毎日の業務がファイナンスばかりの方に是非読んで欲しい、また、これからMBA留学される方に是非読んでいただきたい、現代マーケティングの中身が詰まった本、「クロスイッチ 電通式クロスメディアコミュニケーションの作り方」を紹介。といっても私は電通のまわしものでもなんでもありません。現代のマーケティングを理解するために、わかりやすく、頭にはいってきやすい、実例が豊富にあるという点でお薦めです。是非この本を読んでいただいて、MBA留学時に古典的メディアミックスを語っているマーケティングの教授がいたら「それは基本ではありますが、もう古いです」といって欲しいと思う。
本の中身ですが、重要な点として、メディアミックスからクロスメディアへの移行という点がある。メディアミックスは、マーケティングを勉強された方ならばご存知の、ターゲット消費者にいかに効率的に認知を広げるための効果的なメディアの組み合わせのことですが、それに対して、クロスメディアはターゲットの消費者をいかに効果的に動かすためのシナリオにそったメディアの組み合わせと定義されている。

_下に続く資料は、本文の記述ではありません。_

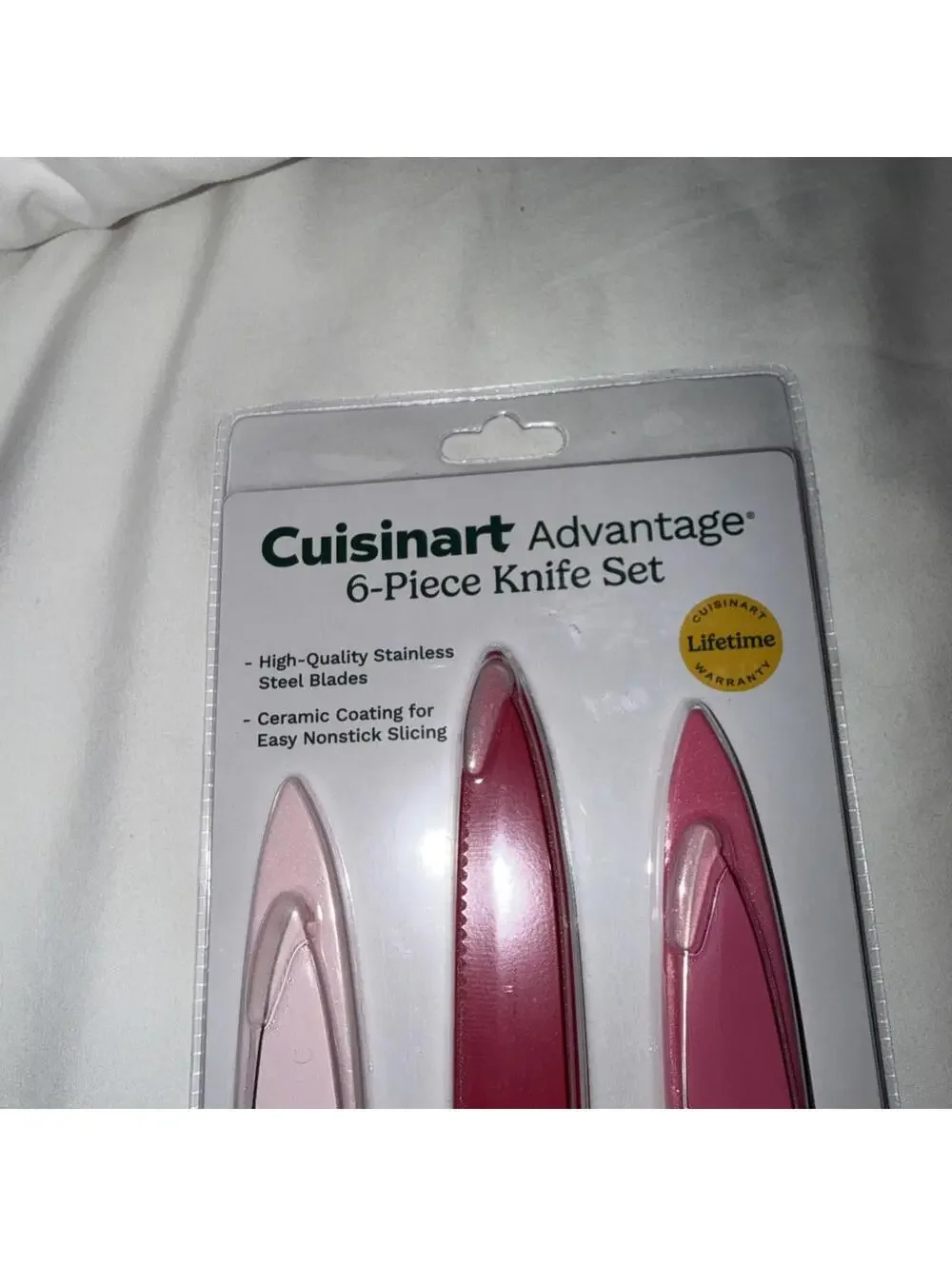 New Cuisinart 6 Pc Nonstick Stainless Steel Paring & Serrated Knives Pink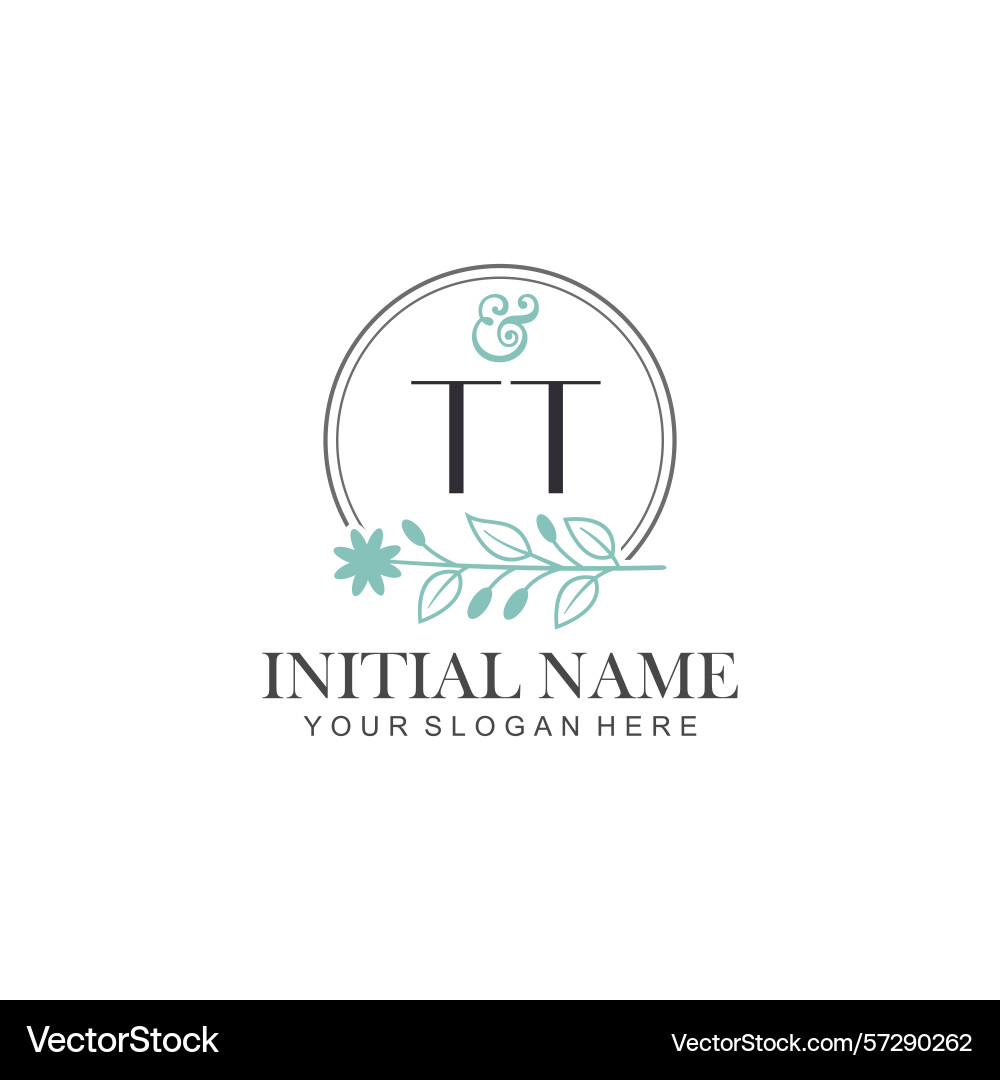 Tt initial logo templates with botanical elements vector image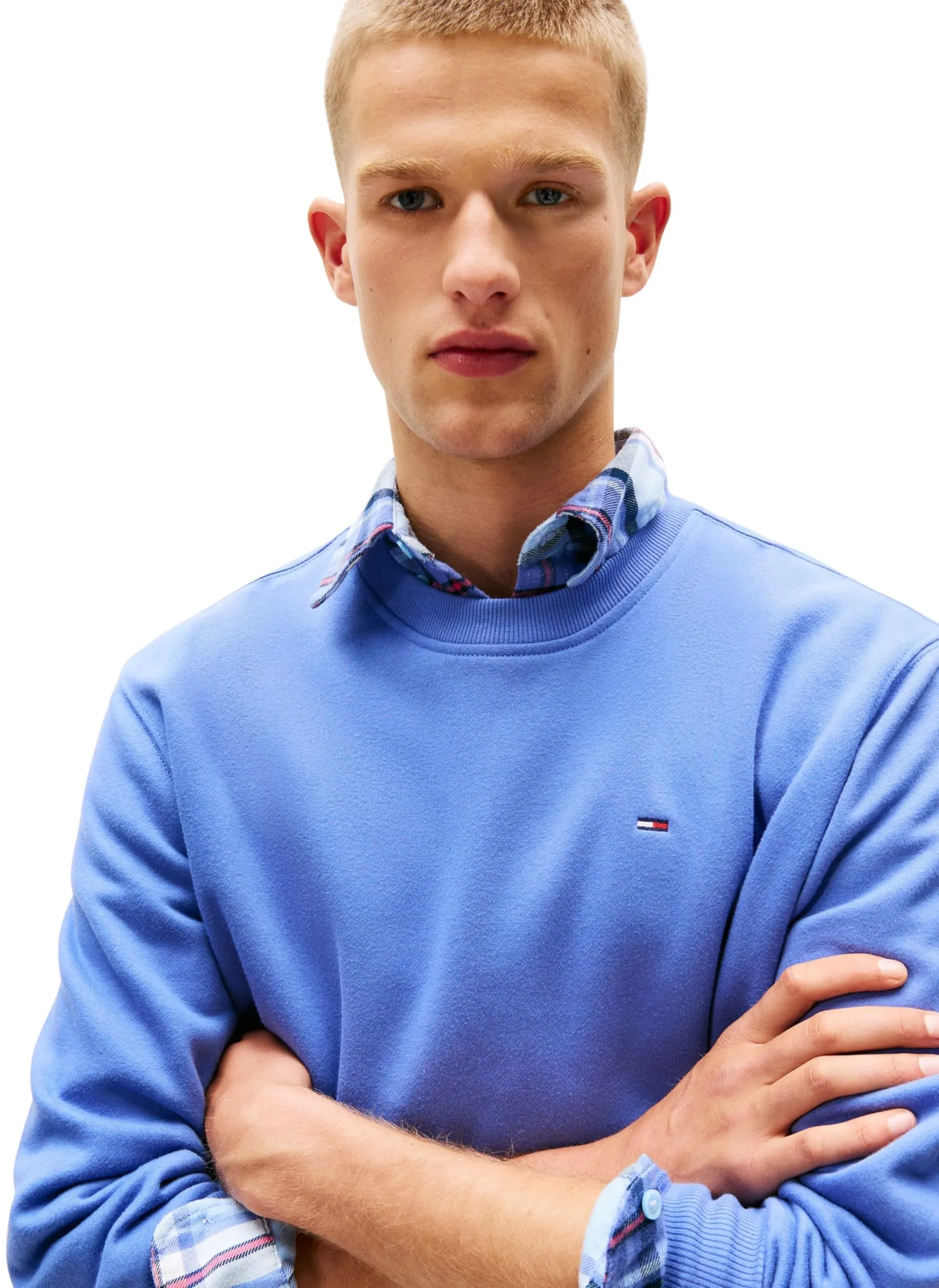 Tommy Jeans Tjm Reg S Flag Crew Dm0Dm20741, Felpa Pullover, Uomo, Blu (Soft Sapphire), XS - immagine 3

クロスメディアを考える上で、重要なフレームワークのひとつとして電通が提唱している"AISAS"がある。これは"AIDMA" (Attention, Interest, Desire, Memory, Action)−1920年頃から活用されている購買のフレームワーク−を現代の購買行動にあわせてAttention, Interest, Search, Action, Shareと改良したもの。つまりAttention, Interestまでは一緒だが、ここから検索や情報収集(Search)を実行し、購買(Action)後にその経験を他人と共有(Share)する(=口コミ、SNS等)というのが現代の購買行動の基本フレームになっているというもの。特徴としては、AIDMAがその順番で購買行動が進む一方、AISASはその限りではない。例えばAttention,InterestからいきなりShareを行うこともあり、SearchからShareに飛ぶこともある。これは元々SearchやShareという購買行動は以前からあったものの、ネットの出現によってさらに機能が高まった行動としてクローズアップされたのではないかと思う。

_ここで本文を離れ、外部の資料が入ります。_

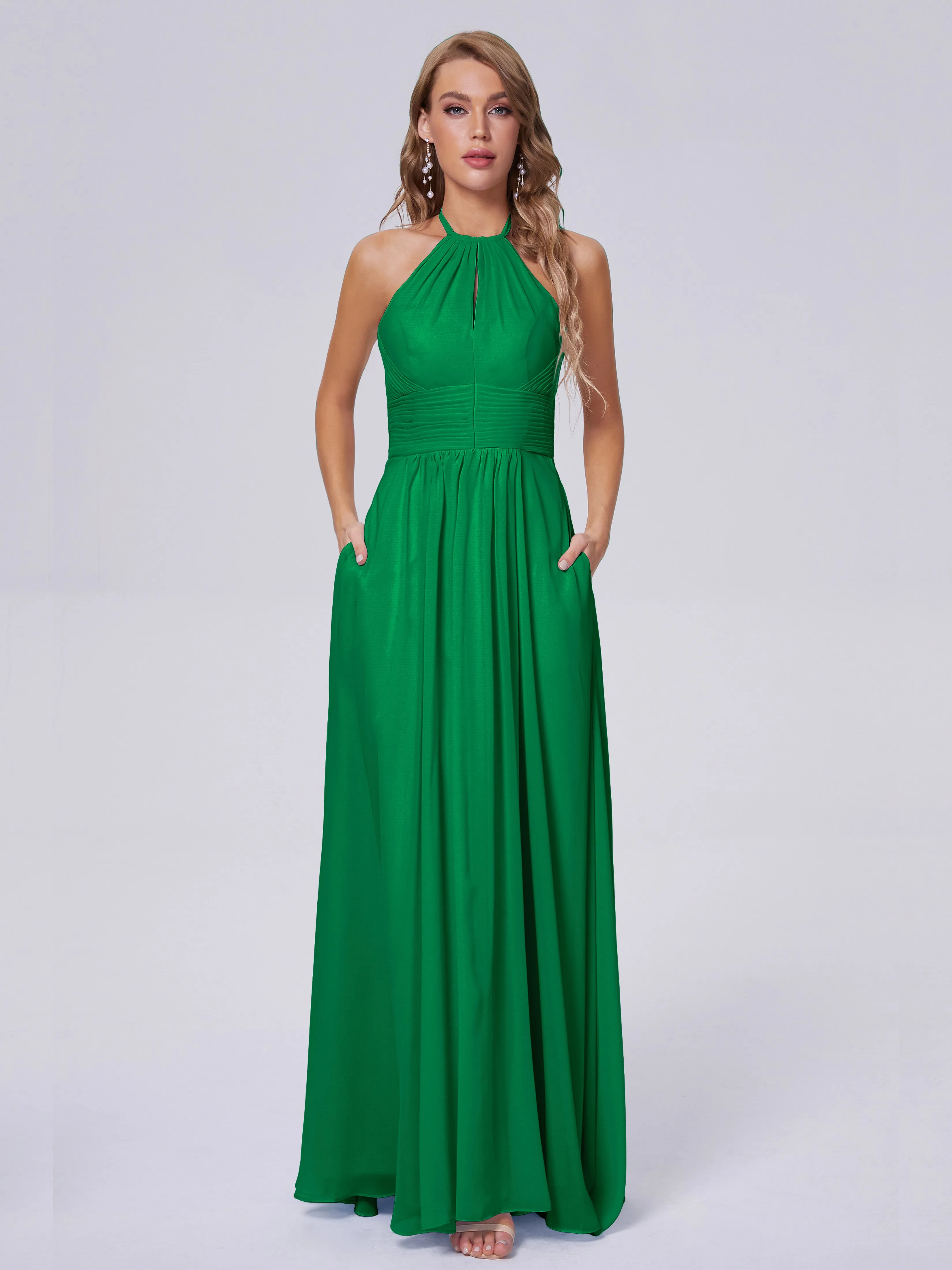 Adaline Awesome Halter Chiffon Bridesmaid Dresses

そして、次の重要な考え方として、「コンタクトポイント」がある。これは他の代理店ではタッチポイント等で呼ばれているものだが、消費者との接点を考える上で5つのポイントがある。
1.商品そのもの
2.マス広告・販促グッズ(企業が能動的に作り出すもの)
3.企業サイトやイベント(消費者の能動的なかかわりがあるもの)
4.番組・記事・店頭での陳列(当該ブランドを販売している企業とは異なる企業の活動)
5.口コミやネットでの書き込み(消費者が他の消費者から受け取る情報)
とこれらのあらゆる消費者とのコンタクトポイントを洗い出して、前述の"AISAS"のフレームワークの中でいかに効果的なクロスメディアを設計することが重要ということを主張している。

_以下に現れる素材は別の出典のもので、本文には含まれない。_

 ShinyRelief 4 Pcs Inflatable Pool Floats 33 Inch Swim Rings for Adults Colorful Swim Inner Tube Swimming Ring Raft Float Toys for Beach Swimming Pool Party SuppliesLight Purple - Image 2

詳しい事例等も記述されており、自分もクロスメディアの狙った導線にのっていることが良くわかるかと思います。今であればロッテのガム"Fit’s"がその一例としてあげられています。夜中によく流れていますが、CMで佐々木希や佐藤健といったタレントが、なんだかよくわからない踊りをしている。で、ダンスに気を引かれた人が検索してWebをみてみるとそのダンスのコンテストをやっている。ダンスはYoutubeに自分がやる同じダンスをアップロードして、一定期間内に一番閲覧数が一番多かった人が100万円をもらえるというもの。
(ロッテ Fit's Website) まさに、TV CMまたは交通広告→Web→プロモーションという導線に載っているわけです。
みなさんも気がつくと広告の導線に載っていることがあるかと思います。この本を読むとそれが良くわかるようになりますよ。
また、クロスメディアのフレームワークや戦略といったところは日本のほうがアメリカよりも進んでいるのではないかと個人的には思っています。これから留学される方、是非クラスでこの話を発表してみてください。目立つこと間違いなしです。